T.R | Title | User | Personal Name | Date | Lines |
---|
1990.1 | re. .0: Clarification | EVTSG8::ESANU | Au temps pour moi | Tue Aug 29 1995 13:59 | 13 |
| > Using the hypergeometric distribution, the MLE (= Maximum
> Likelihood Estimate) for the total number of errors in
> the program, N , can be shown as:
>
> ^ n(1) * n(2)
> N = floor -----------
> k(1,2)
"Total number of errors in the program" means really total, including
unknown errors, namely errors not discovered by any of the testing teams.
/Mihai.
|
1990.2 | remind me, please... | JOBURG::BUCHANAN | | Mon Sep 11 1995 18:42 | 7 |
| All my books are in storage at the other end of the accessible
universe. Could you remind me of the hypergeometric distribution, so
that I can check that we are working from the same assumptions about
the problem. (e.g. all bug detections equiprobable & independent).
Cheers,
Andrew.
|
1990.3 | Definition of the hypergeometric distribution | EVTSG8::ESANU | Au temps pour moi | Tue Sep 12 1995 10:53 | 34 |
| In a set A consider a partition of it into two subsets A1 and A2 , so
that:
A = A1 /cup A2
A1 /cap A2 = EmptySet
Let
card A = n
card A1 = n1
card A2 = n2
A group of r elements is chosen at random. Let q(k) be the probability
that the group so chosen will contain exactly k elements from the set A1
( k <= min {n1,r} ).
q(k) is shown to be
C(n1, k) * C(n - n1, r - k)
q(k) = ---------------------------
C(n, r)
where C(a, b) are the combinations.
The system of probabilities so defined is called "the hypergeometric
distribution".
The probabilities q(k) are defined only for k <= r, n1 , but since
C(a,b) = 0 whenever b > a, the formula for q(k) above gives q(k) = 0
if either k > n1 or k > r . So the formula above can be employed for all
k >= 0, provided the relation q(k) = 0 is interpreted as impossibility.

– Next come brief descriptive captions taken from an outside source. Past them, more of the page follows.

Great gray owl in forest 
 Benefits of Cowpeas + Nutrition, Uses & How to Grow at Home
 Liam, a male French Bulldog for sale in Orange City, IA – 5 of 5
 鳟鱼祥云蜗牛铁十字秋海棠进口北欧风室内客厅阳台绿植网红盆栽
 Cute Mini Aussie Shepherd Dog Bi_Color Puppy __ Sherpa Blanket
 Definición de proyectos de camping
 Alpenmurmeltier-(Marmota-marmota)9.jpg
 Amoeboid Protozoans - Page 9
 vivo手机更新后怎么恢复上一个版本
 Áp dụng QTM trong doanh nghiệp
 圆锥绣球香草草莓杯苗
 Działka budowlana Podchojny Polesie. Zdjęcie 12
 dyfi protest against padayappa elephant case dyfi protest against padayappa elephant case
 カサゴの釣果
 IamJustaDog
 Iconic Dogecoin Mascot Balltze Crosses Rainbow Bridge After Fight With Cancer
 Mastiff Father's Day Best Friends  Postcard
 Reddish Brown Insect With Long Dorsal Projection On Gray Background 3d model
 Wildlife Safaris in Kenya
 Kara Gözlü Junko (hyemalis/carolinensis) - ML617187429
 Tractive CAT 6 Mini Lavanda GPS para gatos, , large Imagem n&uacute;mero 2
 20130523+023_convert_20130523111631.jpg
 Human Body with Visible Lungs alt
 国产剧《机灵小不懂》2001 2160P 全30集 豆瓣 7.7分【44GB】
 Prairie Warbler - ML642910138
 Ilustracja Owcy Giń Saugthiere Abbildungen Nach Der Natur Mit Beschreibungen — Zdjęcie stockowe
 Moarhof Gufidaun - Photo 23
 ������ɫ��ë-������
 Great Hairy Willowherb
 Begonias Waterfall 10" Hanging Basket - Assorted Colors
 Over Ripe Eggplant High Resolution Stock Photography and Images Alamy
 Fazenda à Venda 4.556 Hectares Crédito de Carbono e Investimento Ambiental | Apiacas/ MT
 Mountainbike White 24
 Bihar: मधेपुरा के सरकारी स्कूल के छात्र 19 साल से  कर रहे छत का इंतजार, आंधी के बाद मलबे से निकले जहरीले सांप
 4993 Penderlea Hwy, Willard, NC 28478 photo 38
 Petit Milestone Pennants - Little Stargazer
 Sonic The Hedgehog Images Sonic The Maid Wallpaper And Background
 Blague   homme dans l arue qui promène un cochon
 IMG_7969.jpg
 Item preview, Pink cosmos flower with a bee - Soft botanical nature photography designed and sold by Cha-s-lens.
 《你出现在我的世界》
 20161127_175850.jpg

You must feel lonely without your books, Andrew! I'd be lost without mine.
Cheers,
Mihai.
|
1990.4 | | WIBBIN::NOYCE | EV5 issues 4 instructions per meter | Tue Sep 12 1995 12:10 | 29 |
| It looks like the formula in .0 says
Divide the set of all bugs into two sets, those found by group 1
and those not found by group 1. Group 2 finds some fraction of
the bugs found by group 1; assume they find the same fraction of
the set of all bugs.
This gives an estimate that satisfies the hypergeometric distribution.
It's also nice in that it's symmetric -- it doesn't matter which group
is called group 1.
One problem is that it assumes all bugs are equally likely to be found
-- not very typical!
To add a third group, you could simply compute three pairwise estimates
and average them somehow. Or you could lump the bugs found by groups
1 and 2 into a single group, and apply the formula in .0 to that group
and group 3 -- does doing this all three ways come up with different
results? These approaches are all based on the original assumption.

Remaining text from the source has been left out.